Под рекой - страница 11

Шрифт
Интервал


Дома никого не было, кроме меня (мать доделывала бухгалтерский отчет на работе в субботу, а сестра ушла к подруге), и отец взял меня с собой набрать родниковой воды в большую серую канистру.

– И про Езагаш расскажешь? – уточняю я.

– И про Езагаш, – обещает отец.

– Хочу.

Отец ерошит мне волосы, и я вздрагиваю. Он почти никогда не дотрагивается до меня.

– Твоя бабка Тася очень любила свою родную землю, – поучительным тоном начинает он.

Я оглядываюсь по сторонам и думаю, что люблю то, что от дома до горы можно дойти за пятнадцать минут. А еще больше люблю высоковольтные вышки на ее склоне: они похожи на скелеты великанов, которые продолжают держать серебристые потрескивающие провода даже после своей смерти.

– Когда им сказали, что Езагаш затопят, твоя бабушка сильно заболела и, пока все готовились к переселению, она просто лежала, но не на кровати, а в огороде, среди грядок, носом в землю. Никто не мог понять, что с ней такое. Иногда дед так и находил ее на грядках и принимал за мертвую.

– А она была мертвая? – со страхом спрашиваю я.

– Нет, она была живая, – продолжает отец. – Она вставала, кормила деда, скотину и снова ложилась на землю. Когда начинал идти дождь или там холодно становилось, дед ее насильно в дом затаскивал. Она вырывалась, кричала, кусала его даже иногда.

Я представляю, как бабушка, которую я видела только на фотографиях, кусает деда за уши, и мне не хочется слушать дальше. Но я слушаю.

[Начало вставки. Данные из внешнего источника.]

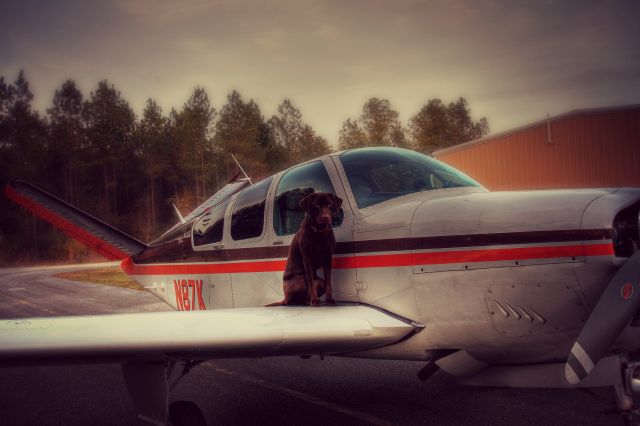 Beechcraft 35 Bonanza (N87K) - My neighbors plane and his dog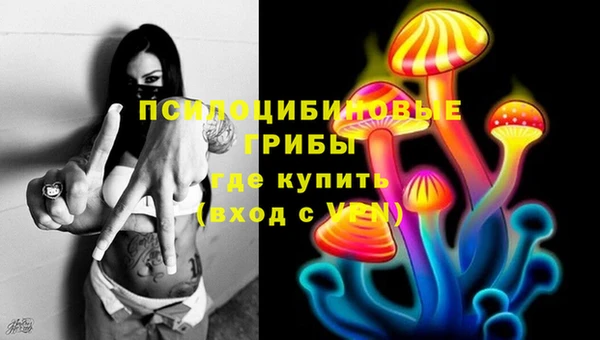 гашик Красноперекопск
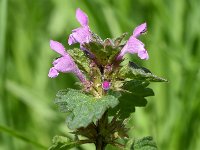 Lamium hybridum 31, Ingesneden dovenetel, Saxifraga-Sonja Bouwman  840. Ingesneden dovenetel - Lamium hybridum - Lamiaceae familie (i)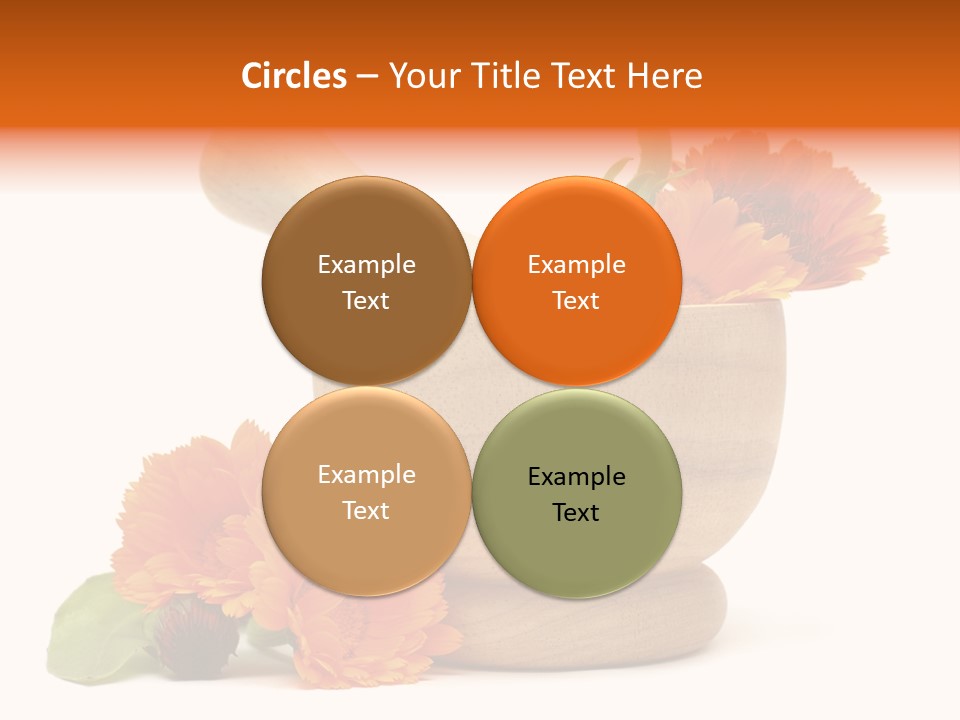 Pestle Hygiene Natural PowerPoint Template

– Черт его знает, сколько бы это все длилось, но земляки придумали, что с Езагашем надо попрощаться как-то по-человечески, понимаешь?

Я не очень понимаю, но продолжаю слушать отца очень внимательно. Пока я успела попрощаться только с подругами на лето, найденным во дворе мертвым голубем и дочитанной книгой про Щелкунчика, но никого из них не топили в водохранилище, так что вряд ли я понимаю, как правильно попрощаться с селом по-человечески.

– Устроили они праздник – расставание со своей землей, Днем села это всё назвали. Мне тогда лет пятнадцать было, я тоже помогал. Собрались у нашей школы, на холме, там еще черемуха самая вкусная росла, накрыли столы, еду, самогонку принесли. Ну выпили, понятно, песни попели, а потом стали танцевать.

Больше я не видел никогда, чтобы люди так танцевали, как будто землю протоптать хотели до самого ядра или там до ада, не знаю. Пылища такая стояла, ничего не видно. Как будто конец света какой-то наступил. А для села это он и был.